Work required
Among the entries below, the lines from the one with "Andrew Kurka paddles" up to and including the one with "A bedroom with" are to be restated exactly, without pictures.

Information
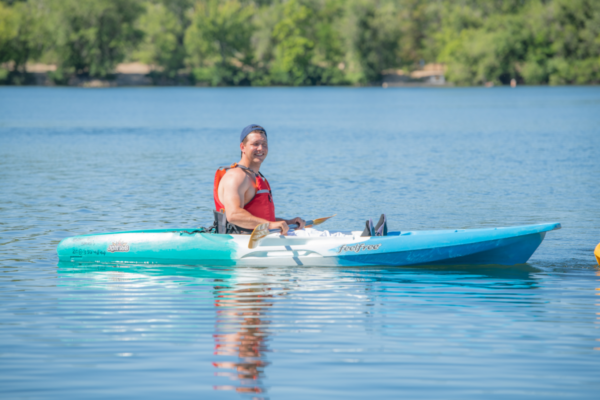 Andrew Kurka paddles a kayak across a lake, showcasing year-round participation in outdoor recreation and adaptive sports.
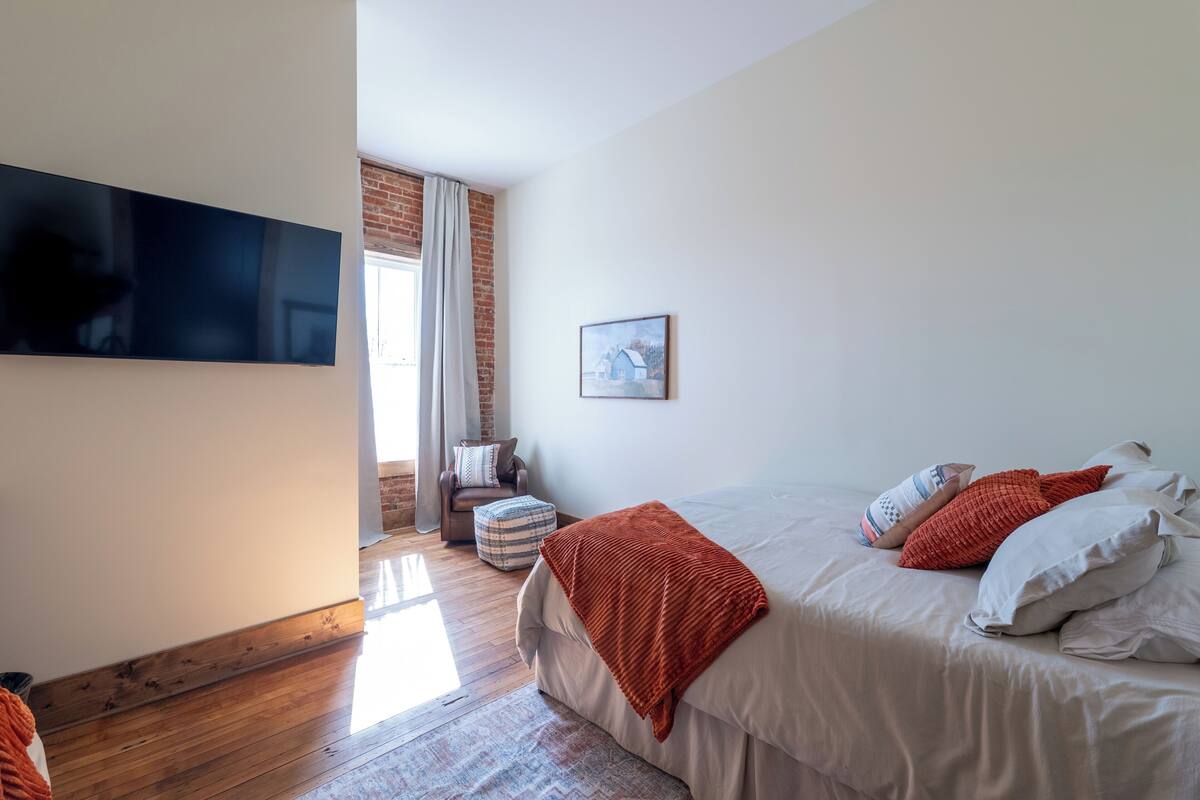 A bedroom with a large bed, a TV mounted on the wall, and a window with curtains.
...
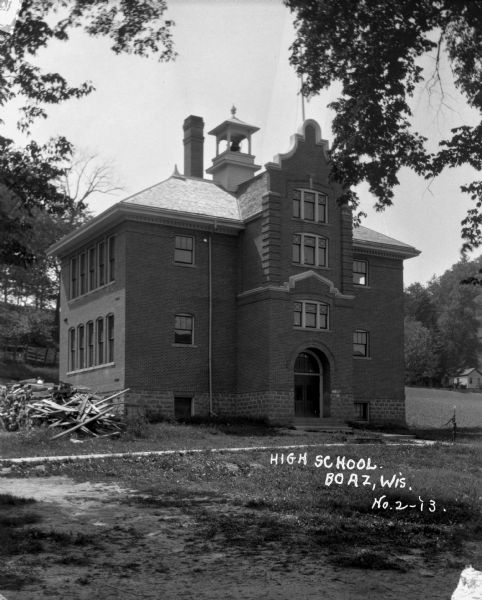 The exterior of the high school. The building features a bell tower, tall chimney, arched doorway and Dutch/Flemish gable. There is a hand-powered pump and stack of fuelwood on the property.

Solution to this exercise
 Andrew Kurka paddles a kayak across a lake, showcasing year-round participation in outdoor recreation and adaptive sports.
 A bedroom with a large bed, a TV mounted on the wall, and a window with curtains.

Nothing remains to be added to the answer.